The Bill real estate market in Vadodara presents a balanced landscape for both homebuyers and investors, with a current average price of ₹2,950 per sq ft. Market trends show a dynamic shift across property types, where apartments remain a core focus, while villa segments have experienced a price adjustment of -14.15%. Rental opportunities in the broader region are supported by steady demand in nearby hubs like Bhayli and Subhanpura, where rates hover around ₹50 per sq ft. Developers continue to introduce new inventory, and the availability of both ready-to-move and under-construction projects provides flexibility for diverse investment timelines.
As of March 2026, the average asking price in Bill is ₹2,950 per sq ft. This figure reflects a depreciation of 6.79% compared to previous periods, indicating a softening in the local market demand or an adjustment in seller expectations during this timeframe.
Property prices in Bill have shown a fluctuating trajectory throughout the recent quarters.
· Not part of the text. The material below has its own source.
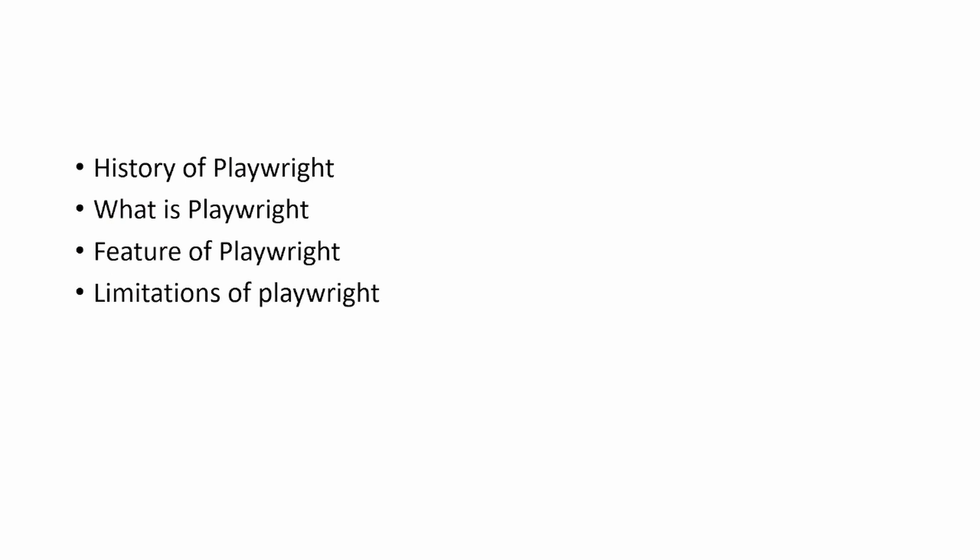In this section, we are going to start with understanding the history of Playwright, what is Playwright, features of Playwright, and limitations of Playwright.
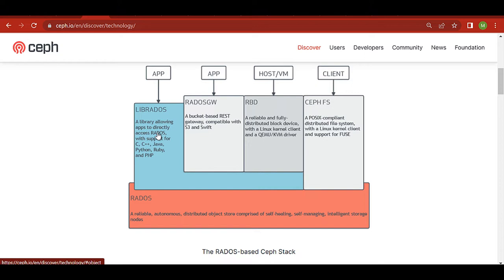On top of RADOS there are multiple layers. The first is librados, a dynamic library that lets applications read data directly without going through block storage or CephFS. Above that, three services are provided: first is RBD, the block device, mostly used for VM purposes — for storing VM hard disk drives. Ceph gives thin provisioning, and after that you can format any file system and attach it to a VM or container.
As of March 2026, the location rate stands at ₹2,950 per sq ft, down from ₹3,150 per sq ft in December 2025. This follows a recovery period where prices rose from ₹2,600 per sq ft in September 2025 to ₹3,150 per sq ft in December 2025, after starting at ₹2,750 per sq ft in June 2025. These shifts suggest a volatile market environment where buyers should carefully monitor project-specific valuations.
Property prices in Bill, currently at ₹2,950 per sq ft, are positioned competitively when compared to surrounding areas. For instance, Old Padra Road commands a higher average of ₹4,150 per sq ft, while Akota is priced at ₹4,100 per sq ft. Conversely, areas like Kalali are currently priced at ₹2,850 per sq ft, showing a significant depreciation of 15.49%. Investors often look at these variations to identify value-for-money opportunities relative to the city's broader infrastructure development.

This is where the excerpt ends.